Daggers with hourglass-shaped handles are known from many places in the Islamic world. This dagger has a
champlevé enamel and silver decoration that forms a uniform design across the hilt and scabbard, and the composition is the same on the front and back. Apart from a few flowering plants and plant ornaments, the dagger is completely covered with section featuring inscriptions of a religious nature. These are quotations from the Koran as well as prayers and invocations that mention Ali.
[1] Hidden on the upper side of the scabbard’s horizontal opening – and visible only when the dagger is out of its scabbard – is the engraved name of its creator: ‘Ramazan Beg son of Kalb Ali Beg’.
The dagger’s many references to Ali reveal that it must have been created in a Shiite context, and it has previously been suggested that it originated in Iran.
[2] Two other daggers with hilts of similar technique and decoration (the scabbards are lost) have also been attributed to Iran.

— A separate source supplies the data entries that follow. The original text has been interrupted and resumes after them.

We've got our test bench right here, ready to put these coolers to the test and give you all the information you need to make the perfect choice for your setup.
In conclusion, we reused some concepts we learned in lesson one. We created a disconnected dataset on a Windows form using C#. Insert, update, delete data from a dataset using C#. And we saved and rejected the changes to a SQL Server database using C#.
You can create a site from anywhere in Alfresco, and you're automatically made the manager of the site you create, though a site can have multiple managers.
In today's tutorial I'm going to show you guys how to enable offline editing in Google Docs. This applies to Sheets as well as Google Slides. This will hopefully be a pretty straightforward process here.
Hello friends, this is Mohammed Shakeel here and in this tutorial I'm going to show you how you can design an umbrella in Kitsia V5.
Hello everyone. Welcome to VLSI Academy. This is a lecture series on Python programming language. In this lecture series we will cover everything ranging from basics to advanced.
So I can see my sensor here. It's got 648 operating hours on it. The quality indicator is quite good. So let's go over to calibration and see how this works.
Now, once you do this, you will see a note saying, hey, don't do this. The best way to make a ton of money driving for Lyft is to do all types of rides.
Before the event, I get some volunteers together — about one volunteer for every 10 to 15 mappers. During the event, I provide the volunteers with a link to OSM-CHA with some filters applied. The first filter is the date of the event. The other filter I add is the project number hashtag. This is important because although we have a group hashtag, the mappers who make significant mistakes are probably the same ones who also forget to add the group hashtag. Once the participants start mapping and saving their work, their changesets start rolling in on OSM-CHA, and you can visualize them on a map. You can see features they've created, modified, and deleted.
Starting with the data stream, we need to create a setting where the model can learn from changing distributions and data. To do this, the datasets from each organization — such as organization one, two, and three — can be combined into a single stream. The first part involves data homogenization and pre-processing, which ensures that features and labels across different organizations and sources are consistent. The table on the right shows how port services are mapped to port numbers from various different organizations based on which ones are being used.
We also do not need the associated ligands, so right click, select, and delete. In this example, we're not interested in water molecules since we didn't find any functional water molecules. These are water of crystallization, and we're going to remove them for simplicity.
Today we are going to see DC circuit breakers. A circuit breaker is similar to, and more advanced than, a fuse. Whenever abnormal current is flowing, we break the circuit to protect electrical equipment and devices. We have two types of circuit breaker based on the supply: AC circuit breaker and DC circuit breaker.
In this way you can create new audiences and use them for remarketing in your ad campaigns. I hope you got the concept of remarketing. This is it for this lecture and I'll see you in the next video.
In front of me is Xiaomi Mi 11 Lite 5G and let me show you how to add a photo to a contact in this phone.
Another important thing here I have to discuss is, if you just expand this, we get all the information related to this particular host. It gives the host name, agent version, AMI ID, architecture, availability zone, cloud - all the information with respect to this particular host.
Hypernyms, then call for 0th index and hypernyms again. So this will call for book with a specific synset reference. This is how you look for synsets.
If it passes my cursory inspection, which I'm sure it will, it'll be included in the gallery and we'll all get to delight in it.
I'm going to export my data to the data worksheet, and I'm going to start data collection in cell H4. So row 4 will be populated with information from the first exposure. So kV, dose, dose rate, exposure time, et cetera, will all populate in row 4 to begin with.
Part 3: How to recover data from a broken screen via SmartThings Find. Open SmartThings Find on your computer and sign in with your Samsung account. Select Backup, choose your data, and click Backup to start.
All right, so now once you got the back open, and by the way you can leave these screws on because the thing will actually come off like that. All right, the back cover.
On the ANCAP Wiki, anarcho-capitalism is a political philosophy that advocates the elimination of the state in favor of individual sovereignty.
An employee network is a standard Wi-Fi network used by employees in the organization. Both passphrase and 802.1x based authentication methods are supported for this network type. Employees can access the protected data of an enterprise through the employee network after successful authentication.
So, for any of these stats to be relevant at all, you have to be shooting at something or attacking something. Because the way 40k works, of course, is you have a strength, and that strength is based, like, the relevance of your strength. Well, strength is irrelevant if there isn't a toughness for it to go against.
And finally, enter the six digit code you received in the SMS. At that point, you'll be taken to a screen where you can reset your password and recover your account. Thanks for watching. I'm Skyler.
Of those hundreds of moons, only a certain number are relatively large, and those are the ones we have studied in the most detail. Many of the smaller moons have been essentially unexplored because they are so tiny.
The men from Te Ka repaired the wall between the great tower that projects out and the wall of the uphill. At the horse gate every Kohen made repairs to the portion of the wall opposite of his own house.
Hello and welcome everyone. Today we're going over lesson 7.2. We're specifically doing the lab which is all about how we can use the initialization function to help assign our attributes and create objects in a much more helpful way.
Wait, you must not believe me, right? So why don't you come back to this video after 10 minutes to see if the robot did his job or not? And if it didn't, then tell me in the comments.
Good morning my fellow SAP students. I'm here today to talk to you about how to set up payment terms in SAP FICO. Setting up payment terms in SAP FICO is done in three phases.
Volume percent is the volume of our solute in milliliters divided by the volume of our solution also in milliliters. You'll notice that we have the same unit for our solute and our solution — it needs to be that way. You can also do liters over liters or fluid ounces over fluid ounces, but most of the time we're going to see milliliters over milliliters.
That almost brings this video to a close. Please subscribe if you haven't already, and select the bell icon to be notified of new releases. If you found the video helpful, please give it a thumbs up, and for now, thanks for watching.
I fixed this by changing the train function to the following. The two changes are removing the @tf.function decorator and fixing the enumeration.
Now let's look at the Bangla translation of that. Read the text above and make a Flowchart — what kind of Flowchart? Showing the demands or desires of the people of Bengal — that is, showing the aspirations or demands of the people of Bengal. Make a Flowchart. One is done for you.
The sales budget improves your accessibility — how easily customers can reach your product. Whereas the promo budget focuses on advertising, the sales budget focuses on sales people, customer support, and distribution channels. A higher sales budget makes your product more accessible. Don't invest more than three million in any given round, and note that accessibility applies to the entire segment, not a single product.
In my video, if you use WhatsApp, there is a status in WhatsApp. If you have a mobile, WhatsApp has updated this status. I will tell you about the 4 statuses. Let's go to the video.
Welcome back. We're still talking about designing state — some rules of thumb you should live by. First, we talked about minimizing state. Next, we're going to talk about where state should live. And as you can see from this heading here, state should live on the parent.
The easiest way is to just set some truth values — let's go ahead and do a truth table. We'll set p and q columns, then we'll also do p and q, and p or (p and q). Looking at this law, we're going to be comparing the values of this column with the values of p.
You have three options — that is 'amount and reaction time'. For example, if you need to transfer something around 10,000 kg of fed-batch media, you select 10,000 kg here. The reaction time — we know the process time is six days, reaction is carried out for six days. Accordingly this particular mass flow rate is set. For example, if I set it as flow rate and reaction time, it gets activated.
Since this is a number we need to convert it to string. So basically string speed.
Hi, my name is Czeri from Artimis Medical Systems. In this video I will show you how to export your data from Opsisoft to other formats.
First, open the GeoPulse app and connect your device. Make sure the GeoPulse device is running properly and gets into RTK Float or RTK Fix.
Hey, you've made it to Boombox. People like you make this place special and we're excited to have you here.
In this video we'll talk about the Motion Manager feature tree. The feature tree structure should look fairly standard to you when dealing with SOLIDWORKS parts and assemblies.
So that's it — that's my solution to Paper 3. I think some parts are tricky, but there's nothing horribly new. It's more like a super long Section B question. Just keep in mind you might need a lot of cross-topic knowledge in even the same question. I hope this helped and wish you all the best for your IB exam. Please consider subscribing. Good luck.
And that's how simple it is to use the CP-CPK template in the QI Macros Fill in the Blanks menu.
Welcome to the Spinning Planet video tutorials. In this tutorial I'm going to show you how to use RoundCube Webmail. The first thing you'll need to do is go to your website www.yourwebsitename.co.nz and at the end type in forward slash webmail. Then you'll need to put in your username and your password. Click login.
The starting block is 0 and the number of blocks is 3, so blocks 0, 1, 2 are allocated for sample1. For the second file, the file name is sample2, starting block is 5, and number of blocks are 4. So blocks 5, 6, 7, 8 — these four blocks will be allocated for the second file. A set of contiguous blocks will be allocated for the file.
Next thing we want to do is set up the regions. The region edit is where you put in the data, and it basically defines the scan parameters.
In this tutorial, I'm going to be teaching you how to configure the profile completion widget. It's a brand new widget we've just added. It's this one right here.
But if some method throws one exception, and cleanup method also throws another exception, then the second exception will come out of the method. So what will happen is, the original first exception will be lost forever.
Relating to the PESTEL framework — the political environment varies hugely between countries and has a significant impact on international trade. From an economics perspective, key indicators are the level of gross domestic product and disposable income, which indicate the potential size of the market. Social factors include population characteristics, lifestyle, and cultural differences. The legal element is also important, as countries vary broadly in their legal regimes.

[3] One of these bears the date 1696. However, there is much to suggest that the entire group was instead made in the Deccan in southern India around 1700, as has also been proposed for yet another related dagger in the al-Sabbah collection;
[4] unlike the others, this latter dagger is fitted with a typical Indian hilt. Shia Islam was also widespread in the Deccan, and the region is the point of origin of another group of related metalworks generally dated to the mid- to late seventeenth century. These are begging bowls and other bowls in bronze and copper, whose decoration consists exclusively of inscriptions, often with Shiite wording (
61/1998).
[5]As regards the
champlevé technique, the Portuguese colony of Goa to the west had, from the second half of the sixteenth century onwards, served as a bridgehead for the spread of this European enamel technique on the Indian subcontinent (see
34/2019). A few silver works decorated with enamel and distinctive inscriptions such as those on this dagger have also previously been attributed to seventeenth-century Deccan.